Based on the advice given in the last post, you have spent the time necessary to redefine success in your business. You are now looking at it from an eternal perspective. Now you want to know how to measure that new definition of success. What are the results and rewards you should be looking for? That should be easy enough to figure out, right? Not so fast!
Jim Reese – CEO, Atlanta Mission
This is the second post in a series of five that describes the advice my brother and I received from business and ministry leader, Jim Reese. Mr. Reese seen incredible success in the business world over a stellar career with executive positions in companies such as Randstad N.A., Frito-Lay, and HoneyBaked Ham, but he has also significantly impacted people for eternity through his work with Atlanta Mission. He has taken his exceptional business skills and is applying them in Christian ministry.
Below, is the second of five main points I gained from our conversation. The first point was described [here]. Mr. Reese’s advice is directed at anyone trying to buck the norms of this world and integrate their faith into their work. If you are trying to run your business from an eternal perspective, then you need to heed this advice.
- Remember that results & rewards are not always immediately evident or measurable.
Two Issues With Redefined Success Advice
There are two issues that come with the advice to redefine success toward an eternal perspective as described in the last post.
Problem #1: Observing Results
First, these success results are not always easily observed or measured.
Profit, shareholder wealth, and even cash flow metrics are most often easily obtained through mathematical formulas. You can look in virtually any business book or online and find many easy formulas to measure financial success and results. While the formulas can get complicated when looking at cash flow or other financial metrics, at least there are definite answers. Once calculated, these results are not difficult to interpret.
But when you turn to a business being run as a platform for ministry, the results get muddy. Unfortunately, the spiritual growth and life change that result from doing ministry are not measurable. How do you really know if someone was impacted by your efforts?
Sure, you can look at the fruit they bear, but how do you know it is real and not faked or based on wrong motivations? Even if you could validate the authenticity, how do you measure it?
And what about when the impact happens two or three persons down a chain of events? How do you observe or measure the impact when it is the friend of a friend of your employee? How would you know if a employee’s family member shares something from your company newsletter with one of their co-workers and a life is changed?
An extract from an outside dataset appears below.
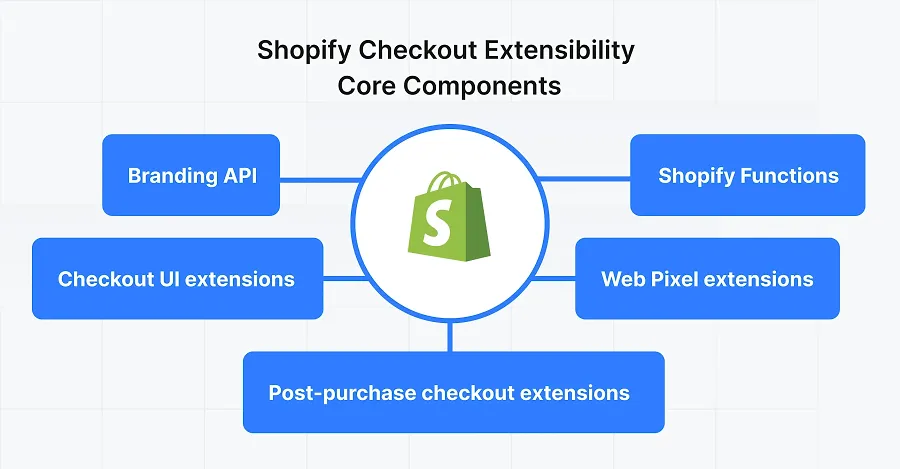 Shopify Checkout Extensibility components Shopify Checkout Extensibility components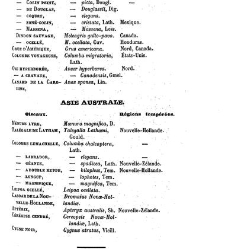 Bulletin de la Société nationale d&apos;acclimatation de France (1896)(1855.07) document 153572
What about a customer that takes a copy of the Gospel of John from your customer lounge or one of your New Testament Owner’s Manuals for Life from their glove box and God uses it to draw them to Him. If they do not come back and tell you about it, you will never know! You could be having an impact on family members, acquaintances, or customers that you will never meet here on earth.
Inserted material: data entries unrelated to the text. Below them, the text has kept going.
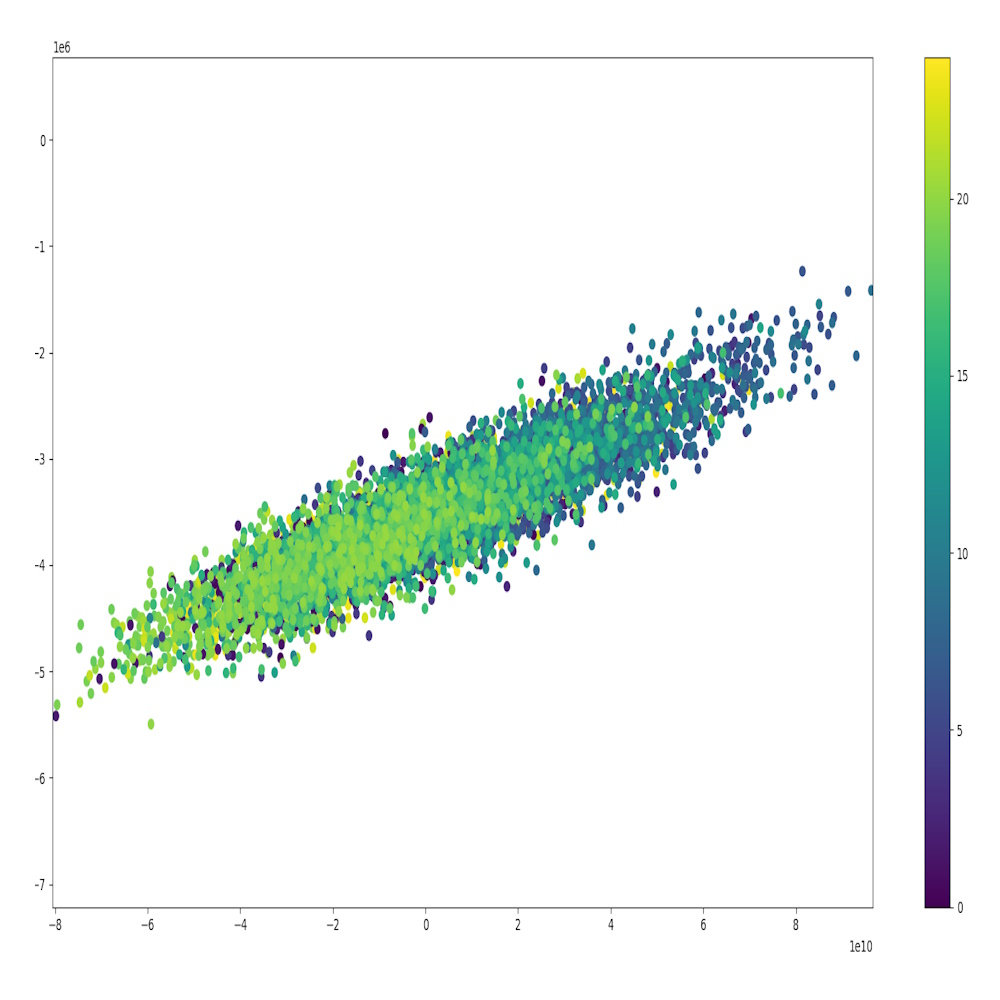 Clustered data points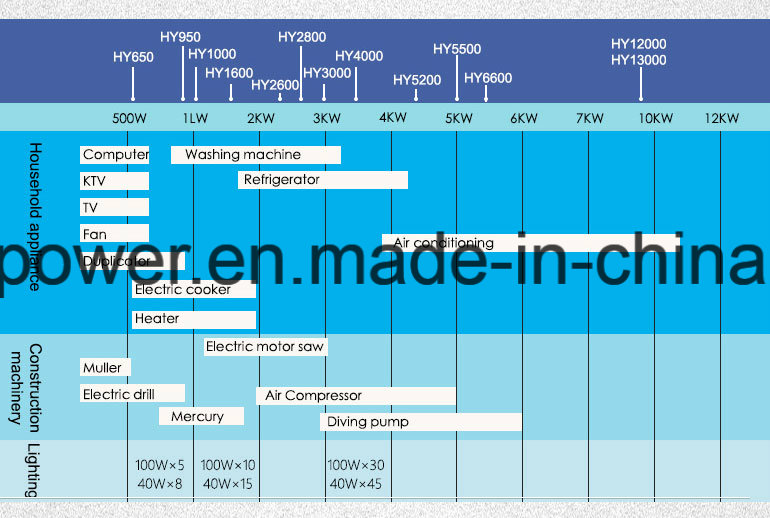 10kw Air-Cooled Diesel Generator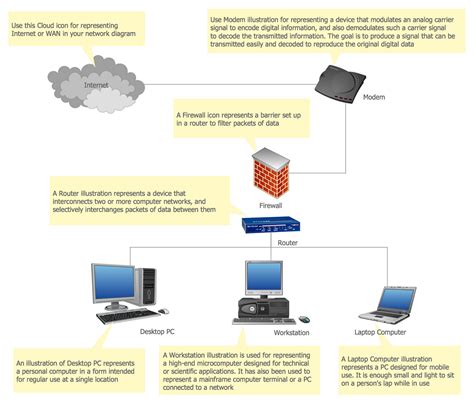 Local Area Network Diagram Examples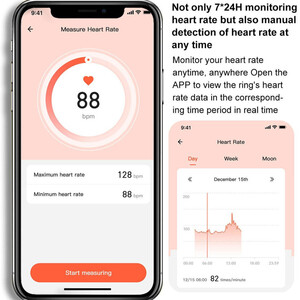 فروش حلقه هوشمند ایکس او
Problem #2: Timing of Results
Second, the results my be delayed. You will reap what you sow, but you rarely reap when you sow!
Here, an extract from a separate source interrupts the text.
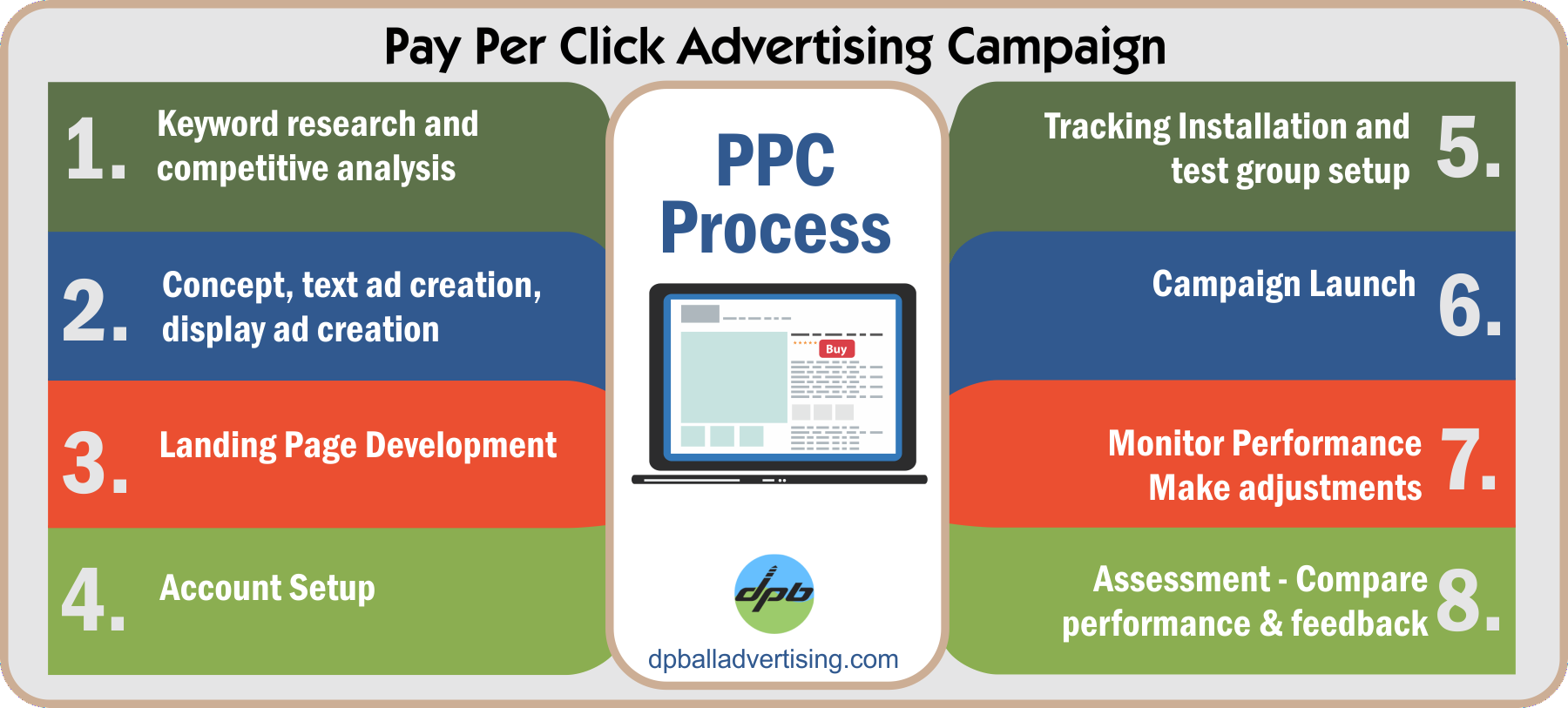 Pay-Per-Click Advertising Process.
In most secular businesses, results are somewhat immediate. Again, good operating processes and disciplines produce net profit and cash flow in the near term. If not, leadership is under significant pressure to make changes.
But for a Christian business operating from an eternal perspective, desired results are often not immediately evident. Sometimes, the impact you have on someone may not show up for years! Maybe one of the ministry actions in your business touches an employee, but they leave your company and it is years before the results are evident. Another example may be that years later, an employee that you impacted begins teaching and impacts someone else.
We Need Celebrations!
All of these examples should be part of your success picture. You should be able to celebrate them, but because of the nature of the results, you likely cannot. This is not a big deal until you consider that we all need celebrations! We need to be able to see our progress and know that we are moving toward our goals.
This is most important when we have a streak of a couple of disappointing days. Have you ever had a couple of those days? Have you ever felt like you are not gaining ground and wonder why you are even trying?
Well, this advice does not eliminate those days, but it certainly helps us to know what to do. While we know and recognize that our rewards will come later, we can better deal with these days if we can remind ourselves of the nature of these results.
If we can trust God and know that He will be faithful to honor our efforts by producing fruit in those we minister to, then we can better maintain our passion even when the fruits of our labor are not obvious.
How do you remind yourself that you are making an impact even when it is not evident?
How do you think about measuring impact?
How would you respond to his advice?